All respondents agreed that KOSMOS-II had contributed to innovation in Korean precision medicine and expanded treatment opportunities for patients. More than 90 percent reported that the programme strengthened the national medical ecosystem by advancing infrastructure, policy dialogue and clinical guidelines. A similar proportion recognised its role in opening up new treatment options for patients who previously had limited choices.

The survey also highlighted the perceived value of MTBs in daily practice. Ninety-five percent of medical professionals said that MTB discussions improved the effective use of NGS reports, while nearly all respondents agreed that MTBs supported the identification of optimal treatment pathways.

Importantly, researchers also emphasised the role of partnership. Industry participants, including Roche and Roche Diagnostics, were widely viewed as credible and collaborative partners, contributing technical expertise, digital solutions and long-term commitment to the programme’s goals.

Digital platforms as enablers of scale

Over the past three years, KOSMOS-II has operated across more than 30 institutions using Roche Diagnostics’ digital solution. The platform has enabled consistent case review, data sharing and documentation across sites, supporting both clinical decision-making and research.
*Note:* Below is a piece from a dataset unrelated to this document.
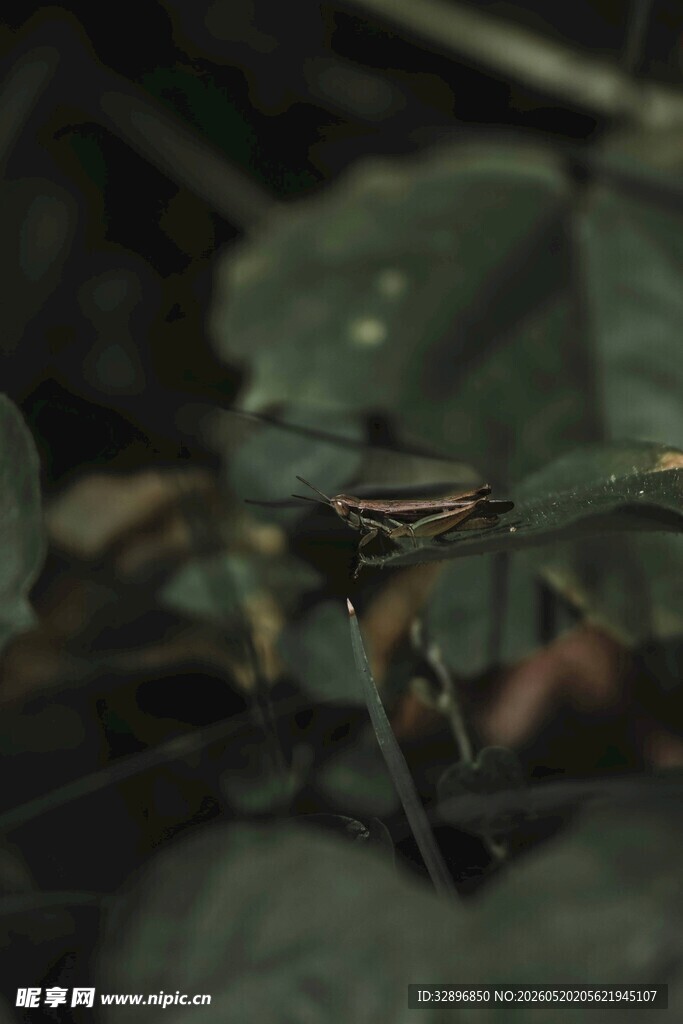 绿叶间的精致条纹昆虫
As the programme enters its next phase, the consortium has renewed its collaboration for a further three years from October 2025. Beyond this extension, KOSMOS-II is being developed as a multi-phase initiative, with future stages aimed at expanding disease coverage, deepening the secondary use of clinical-genomic data and strengthening its role as a sustainable national precision medicine platform. 
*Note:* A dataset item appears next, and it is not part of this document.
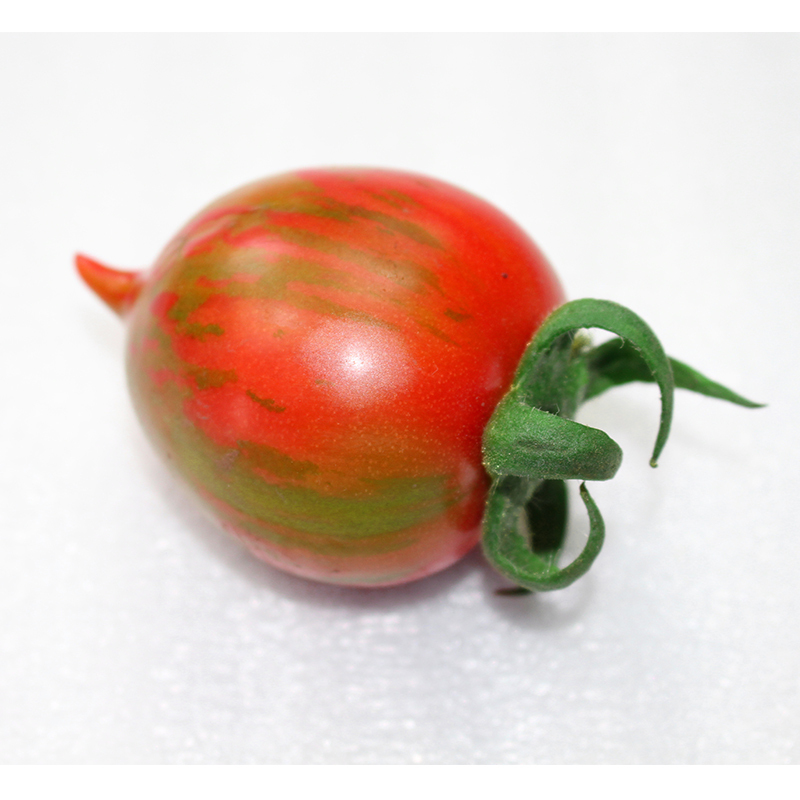 东北皮球柿子农家小园柿子花皮球柿子小番茄一份4斤破损包赔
The next phase will also introduce the Clinical Hub, an updated digital platform designed to enhance usability and data interoperability. New features include improved user interfaces, patient journey mapping, expanded document integration and advanced data extraction capabilities. Together, these tools aim to strengthen connectivity across the precision medicine ecosystem.

A model for data-driven healthcare transformation

KOSMOS-II represents more than a research project. It offers a model for how public-private collaboration can drive tangible change within a national healthcare system. By aligning clinical practice, data infrastructure and policy engagement, the programme has helped normalise precision medicine as part of routine cancer care in Korea.

At a time when health systems across Asia Pacific are grappling with how to integrate genomics, digital tools and real-world evidence, the experience of KOSMOS-II provides valuable lessons. Precision medicine succeeds not through isolated innovation, but through sustained collaboration, clear standards and a commitment to learning from real-world practice.